EMHS Girls Soccer Looks Strong
Flames Try For An Encore
HARRISONBURG — When Jason Capps took over as coach of the Eastern Mennonite High School girls’ soccer team for the 2009 season, the first thing he wrote on a board for the players to see was a challenge of sorts: “state championship.”
Five years later, Capps and the Flames capped-off a self-proclaimed “storybook season,” winning the Virginia Independent Schools Athletic Association Division II state title game with a goal in the final minutes to beat Highland (Warrenton).
“A lot of things kind of culminated in that moment when that goal was scored,” Capps said before practice Wednesday.
It was the program’s first state championship and a banner season for a perennially strong independent school soccer program. The Flames finished 19-1-2, with their lone loss coming to public school power Harrisonburg. EMHS, which competes in the smaller private school division, now has to live up to those big expectations.
So far, there has yet to be a hangover effect.
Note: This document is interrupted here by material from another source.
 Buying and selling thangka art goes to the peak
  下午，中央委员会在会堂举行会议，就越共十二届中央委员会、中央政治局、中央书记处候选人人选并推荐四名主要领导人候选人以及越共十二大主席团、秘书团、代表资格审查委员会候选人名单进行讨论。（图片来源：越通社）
Through six games, the Flames are 5-1, the only loss coming against Collegiate, a Division I school in Richmond.
EMHS graduated six players, and Capps said several others aren’t playing soccer this spring for various reasons. Nevertheless, Eastern Mennonite is No. 1 in the current VISAA D-2 girls’ soccer poll, two points ahead of Norfolk Collegiate.
“We’ve lost a lot of talent, but we’ve also brought up a lot of talent and it’s a special group in their own way,” Capps said.
The loss to Collegiate – 3-2 on April 1 after the Flames allowed the game-winning goal in the 76th minute – gave Capps a chance to evaluate his team. He called the loss last year to Harrisonburg a turning point, and this year’s midseason loss “a learning lesson.”
“We needed it. That game in a way was a wakeup call. … We were undefeated last year in the private school league,” Capps said. “I told [the team] right off the bat, this is not going to be an undefeated season. We’ve been getting increasingly tougher schedules each year and I just didn’t want those expectations to be unrealistic.”
Today, the Flames will play a rematch of last season’s state title game against Highland. The Hawks, coached by Reynolds Oare, went 11-5-2 last season. They are currently ranked seventh (27 points) in the Division II rankings with a record of 4-2.
“I’m super pumped and because we have so many new girls, it’s hard to really get ready the way that the returners are because they don’t really have that sort of rivalry,” EMHS junior midfielder Taylor Pisk said. “It challenges us and it challenges [Highland], so it’s just going to be a super match.”
Capps, also an assistant under Mike Van Horn for the Bridgewater College women’s soccer team during the fall, said he likes to tweak a base system depending on the talent he has each year. With Michaela Mast, Amy Trissel and others gone, it helps that EMHS doesn’t rely on any one player too much.
“We like to play entertaining soccer,” Capps said. “We don’t play that long ball, kick it and run, we got the fastest player kind of stuff. There’s a time to do that and there’s a time not to. We just try to have the girls play a good possession-oriented game.”
Junior defender Kayla Sauder, junior midfielder Bailey Waizecker, junior forward Sylvia Mast and senior defender Emma Petersheim have all stepped up in different ways, Capps said, but if one player were to take over a game for EMHS, the most-likely to do so would be junior midfielder Taylor Pisk, the VISAA Player of the Year in 2013.
Pisk, a 5-foot-3 captain, scored a team-high 19 goals last year. Her experience playing this past summer for the U-17 Elite club soccer team out of Charlottesville helped keep her in a competitive environment, she said, and her junior-year performance has been productive again this year. She enters today’s game with 12 goals and two assists.
“She’s developed as a player just playing club [soccer]… and on the field she just leads us with the fight that I want from a mid and from a captain,” Capps said.